Michael A. Vuksta
The final monuments to be studied during the winter solstice and holiday season are to be found again on the New Haven Green. They are temporary monuments that have traditionally appeared on the Green in the past, the Christmas evergreen and the menorah. They exhibit a conventional mode of conveying meaning. While their physical presence is temporary, as symbols they “possess a unique concreteness and permanence” of meaning. These symbols display the unique capability of evoking similar responses from people over time. A return to precise description can aid students in understanding the permanent, physical, concrete nature of these recurrent artifacts, rather than as temporary event symbols.
The presence of these monuments alters the character of the Green. They concentrate the essence of the Green as a partially empty center, receptive to the expression of human values and beliefs, and to people’s most speculative thoughts. As symbols of birth, hope and light they concentrate our attention, not on the darkness and sparseness of winter, but on celebration and cyclical renewal. It is the season for children; the Green shares in this excitement. It welcomes this new feeling, and manifests it in a more secular symbol; The carousel gives substance to this renewal.
Dreaming New Haven II: Subjective Expression
During the winter months, when the weather may dictate remaining indoors, energy and information can be concentrated on a design project. There is once again no monument that is clearly appropriate to this time. This absence exposes a definite need. There is, paradoxically, a holiday that commemorates the life of Martin Luther King. A monument to him has yet to achieve permanent objective expression.
Designing a monument which provides expression of the man and his ideas may be structured many ways. The monument must achieve in its selection of site, choice of materials, and expressive form an expression of his ideals. These are manifest in his agency in the establishment of equal rights and economic opportunity for black people, in the unity of all people, and in the cause of international and universal peace. It must be a monument of the future to the future.

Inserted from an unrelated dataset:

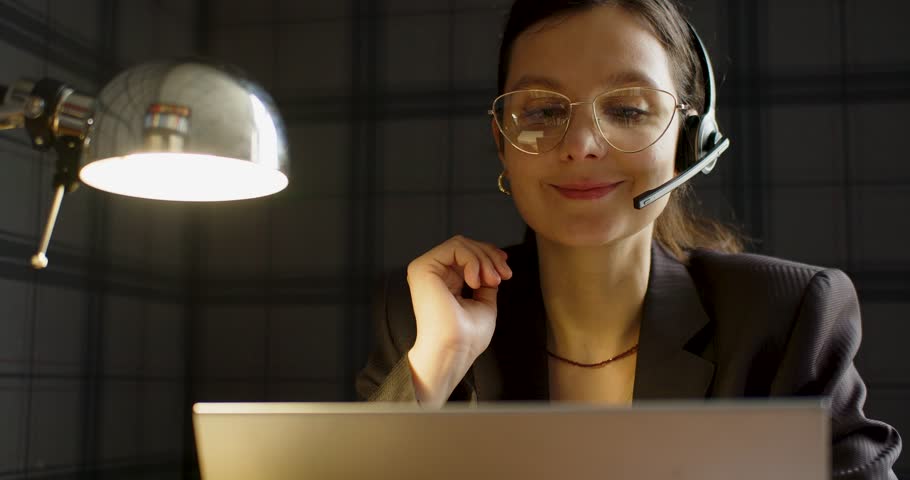 Close-up 4k video of a Caucasian woman in eyeglasses during an online video call in front of laptop monitor. | Shutterstock HD Video #1099522417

This project is a way of evaluating and applying the analytical and expressive skills that students have accumulated. In it they pass from observers and analysts of monuments to creators of them. From their exposure to public monuments and by extension through their speculation, students have discovered that monuments are not only devoted to men and their actions, but also to the beliefs and values that their lives characterized. They have learned of risk, leadership, discovery and sacrifice in their descriptions of sculptural monuments. They have been exposed to the possibilities of architectural solutions. They have witnessed the expression of monuments in a variety of forms. The product of a methodology now focuses on creation.